Abstract

Large Language Models (LLMs) are revolutionizing mobile applications, but their integration also introduces the risk of "hallucinations" - generating plausible yet incorrect or nonsensical information. These AI errors can significantly degrade user experience and erode trust. However, there is limited understanding of how users perceive, report, and are impacted by LLM hallucinations in real-world mobile app settings.

To bridge this gap, we conducted a large-scale empirical study analyzing 3 million user reviews from 90 diverse AI-powered mobile apps to characterize user-reported issues. Our heuristic-based User-Reported LLM Hallucination Detection algorithm identified 20,000 candidate reviews, from which 1,000 were manually annotated. This analysis estimates the prevalence of user reports indicative of LLM hallucinations, finding approximately 1.75% within reviews initially flagged as relevant to AI errors.

A data-driven taxonomy of seven user-perceived LLM hallucination types was developed, with Factual Incorrectness (H1) emerging as the most frequently reported type, accounting for 38% of instances, followed by Nonsensical/Irrelevant Output (H3) at 25%, and Fabricated Information (H2) at 15%. Furthermore, linguistic patterns were identified using N-grams generation, Non-Negative Matrix Factorization (NMF) topics, and sentiment characteristics using VADER, showing significantly lower scores for hallucination reports associated with these reviews.
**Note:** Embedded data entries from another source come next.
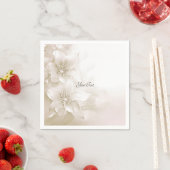 Elegant Ivory White Flowers Napkins Servet (Insitu)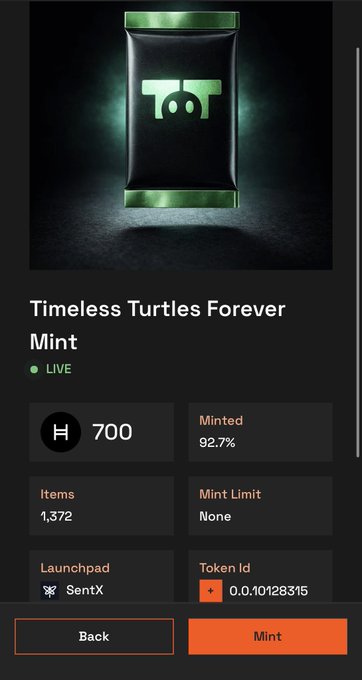 A mobile screen displays a cryptocurrency mint page for 'Timeless Turtles Forever Mint', showing a price of 700 H, 92.7% minted out of 1,372 items, on the SentX launchpad.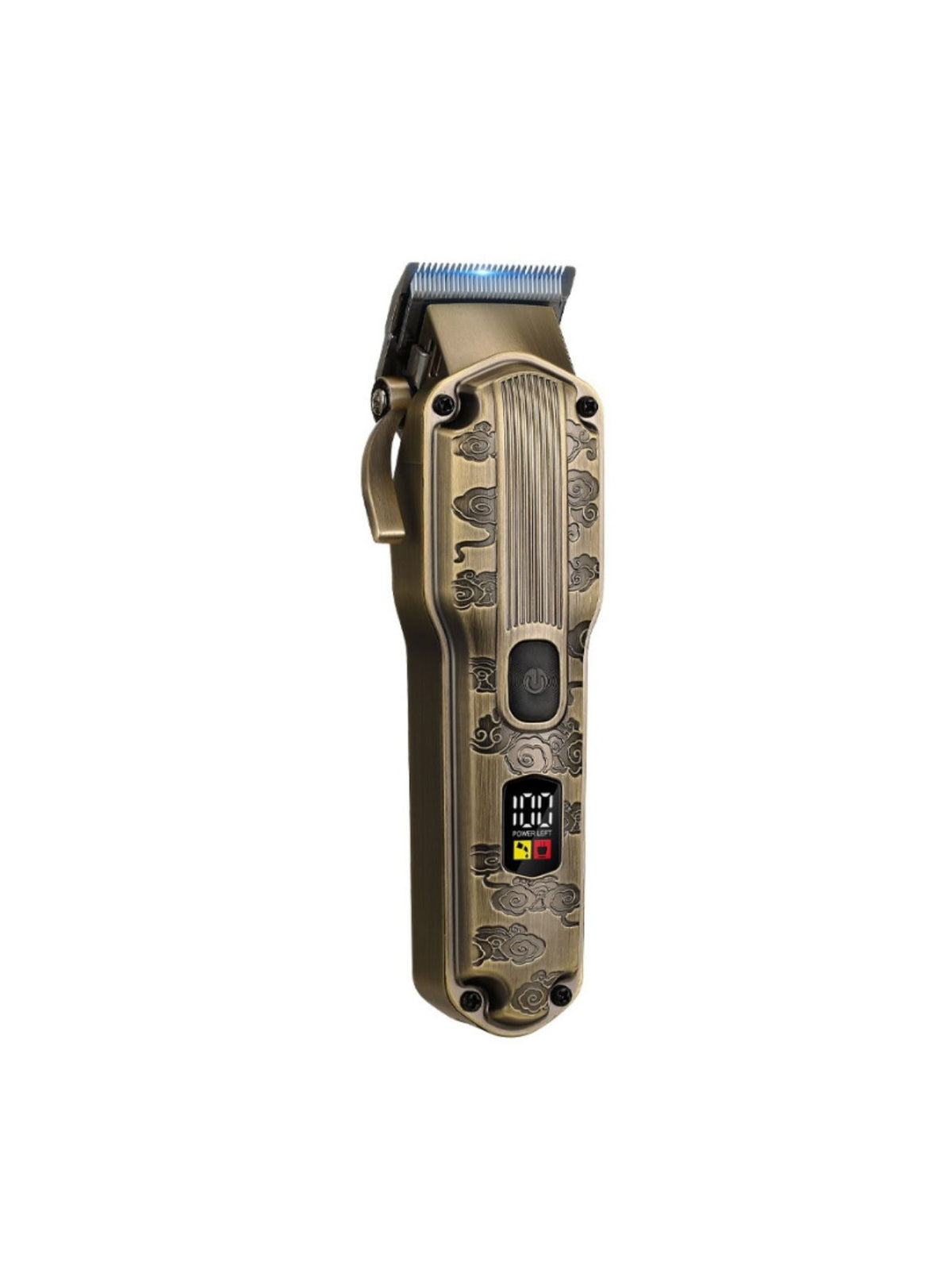Professional 19-piece LED display hair clipper and grooming kit for men with various attachments and sleek black design.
These findings offer critical implications for software quality assurance, highlighting the need for targeted monitoring and mitigation strategies for AI mobile apps. This research provides a foundational, user-centric understanding of LLM hallucinations, paving the way for improved AI model development and more trustworthy mobile applications.

Introduction

The proliferation of mobile applications integrating advanced Large Language Models (LLMs) has ushered in a new era of user interaction and functionality. These AI-powered mobile apps promise to revolutionize user experiences by offering more intuitive, personalized, and intelligent services. However, this rapid adoption is accompanied by a significant and persistent challenge inherent to current LLM technology: the phenomenon of "hallucination." LLMs are prone to producing outputs that are factually incorrect, nonsensical, unfaithful to provided source content, or deviate from user intent, often with a high degree of apparent confidence.

Understanding real-world user encounters with LLM hallucinations is crucial, particularly as evaluations conducted in controlled laboratory settings or using synthetic benchmarks may not fully capture the spectrum of issues or their nuanced impact on everyday users interacting with deployed mobile applications. App store reviews offer a unique lens through which to observe these "in-the-wild" experiences.

The impact of LLM hallucinations on mobile users can be substantial. For instance, an AI travel planning app might generate incorrect flight details or recommend non-existent attractions; a learning app could provide erroneous factual information; or a productivity tool might summarize a document with fabricated key points. Such experiences can directly mislead users, lead to wasted time, cause frustration, and severely undermine their trust in the AI feature and the application as a whole.

Despite the acknowledgment of hallucination as a general LLM problem, there remains a significant gap in empirically characterizing how these issues manifest specifically within AI mobile apps and how users articulate these problems in their natural language feedback. Current understanding is often based on technical evaluations or general surveys on LLM challenges rather than a focused analysis of user-generated reports from the mobile app ecosystem.

Consequently, this study aims to bridge this gap by systematically analyzing user reviews from a diverse range of AI-powered mobile applications. Our primary goal is to understand and detect user-reported LLM hallucinations directly from their feedback. To achieve this, we address the following research questions: (RQ1) How prevalent are user reports potentially related to LLM hallucination in reviews of AI mobile apps? (RQ2) What types of LLM hallucination do users appear to report in their reviews? (RQ3) What characteristics do user reviews containing potential hallucination reports have? and (RQ4) What are the implications of user-reported hallucination for software quality assurance and the development of AI mobile apps?

To address these questions, this paper makes the following contributions: first, it provides a large-scale empirical study analyzing 3 million user reviews from 90 diverse AI-powered mobile apps to characterize user-reported issues; second, it develops a heuristic-based User-Reported LLM Hallucination Detection algorithm to identify candidate reviews and manually annotate them; third, it estimates the prevalence of user reports indicative of LLM hallucinations and identifies a data-driven taxonomy of seven user-perceived LLM hallucination types; and fourth, it analyzes linguistic patterns using N-grams generation, Non-Negative Matrix Factorization (NMF) topics, and sentiment characteristics using VADER.

By shedding light on the phenomenon of AI hallucinations in mobile apps, this study aims to contribute to the development of more trustworthy AI-powered mobile applications that can effectively integrate Large Language Models.